I did a small benchmark of this using a straight list comprehension (i.e. without the inflate
function) vs using meshgrid. Here are the results:
julia> foo(x,y) = sin(x) + 2y.^2 ./ cos(x+y);
julia> function bench_meshgrid(N)
X, Y = meshgrid(1:N, 1:N)
foo(X, Y)
end;
julia> function bench_comprehension(N)
[foo(x,y) for x in 1:N, y in 1:N]
end;
# warmup omitted
julia> @time bench_comprehension(1_000);
0.033284 seconds (6 allocations: 7.630 MB)
julia> @time bench_meshgrid(1_000);
0.071993 seconds (70 allocations: 68.666 MB, 5.12% gc time)
julia> @time bench_comprehension(10_000);
3.547387 seconds (6 allocations: 762.940 MB, 0.06% gc time)

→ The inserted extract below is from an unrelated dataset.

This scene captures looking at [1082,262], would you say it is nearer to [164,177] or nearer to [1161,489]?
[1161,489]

julia> @time bench_meshgrid(10_000);
ERROR: OutOfMemoryError()
in .* at arraymath.jl:118
in foo at none:1
in bench_meshgrid at none:3
Note the memory usage: for the list comprehension, it’s entirely dominated by the result (10_000^2 * 8 / 1024^2 ~= 762.939 MB), while meshgrid eats almost ten times as much memory (the exact ratio will vary very much depending on the function foo
and how many intermediate arrays it creates). For large inputs, meshgrid doesn't even make it.
// T
Temporary arrays for other things, like C = A * B
(or, more relevant, C = A .* B
), is an optimization issue actively being worked on. But it’s a hard one to solve, unlike avoiding meshgrid. Furthermore; if you avoid using meshgrid, you’ll avoid falling on this performance bottleneck too, as you will probably be able to avoid this type of array operation entirely.

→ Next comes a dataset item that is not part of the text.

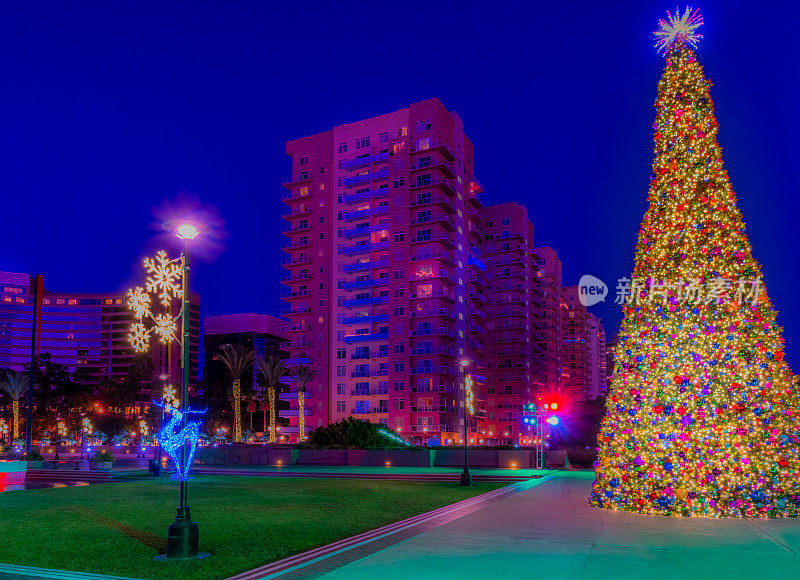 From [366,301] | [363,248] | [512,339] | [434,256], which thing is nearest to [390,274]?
[366,301]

Since building a meshgrid function yourself is so easy (and will be just as fast and as good as if it was included in Base), but using it is potentially harmful to performance, I think there are good reasons to keep it out of Base. If you really want to use it, it’s a one-liner in .juliarc away, and as long as it’s not in Base there’s a good chance that beginner Julians will pick up more performant idioms.

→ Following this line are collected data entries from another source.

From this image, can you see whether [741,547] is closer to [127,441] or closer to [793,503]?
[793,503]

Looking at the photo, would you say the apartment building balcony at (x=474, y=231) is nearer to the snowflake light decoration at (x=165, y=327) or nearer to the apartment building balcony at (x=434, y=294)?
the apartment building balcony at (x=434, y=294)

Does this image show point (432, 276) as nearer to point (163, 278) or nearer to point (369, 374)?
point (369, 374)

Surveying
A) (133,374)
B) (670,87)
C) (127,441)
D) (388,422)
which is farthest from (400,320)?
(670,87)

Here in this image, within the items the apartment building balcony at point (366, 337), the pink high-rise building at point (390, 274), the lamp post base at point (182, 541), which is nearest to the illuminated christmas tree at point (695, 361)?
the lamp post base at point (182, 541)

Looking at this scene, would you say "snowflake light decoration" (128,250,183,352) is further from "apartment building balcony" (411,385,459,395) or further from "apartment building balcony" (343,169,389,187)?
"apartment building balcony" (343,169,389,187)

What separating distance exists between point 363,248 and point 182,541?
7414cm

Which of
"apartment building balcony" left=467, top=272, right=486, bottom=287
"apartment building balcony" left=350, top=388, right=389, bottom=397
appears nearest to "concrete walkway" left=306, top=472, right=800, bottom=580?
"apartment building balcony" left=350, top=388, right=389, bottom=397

I'll look into posting this somewhere less transient, to make it available for linking from the Julia vs MATLAB FAQ.
// T
I think this is a big mistake so many Julia developers (not all) are making:
Julia devs are working hard trying to make a language than is consistent and elegant, they don't want to add functions in Base only because they are convenient for people coming from a particular background when there's a more "Julian" way of doing it. Plus if you start adding matlab's function, why stop there? Add also R and python ones, you see it's not really a practical solution.The solution is to put all these in the matlabcompat package, so that people that are familiar with matlab can have all the familiar tools they need (meshgrid, interp1, polyfit, ...) without having to find, install and read the docs of 10 different packages. Since these functions are relatively simple, I'd encourage you to contribute to that package.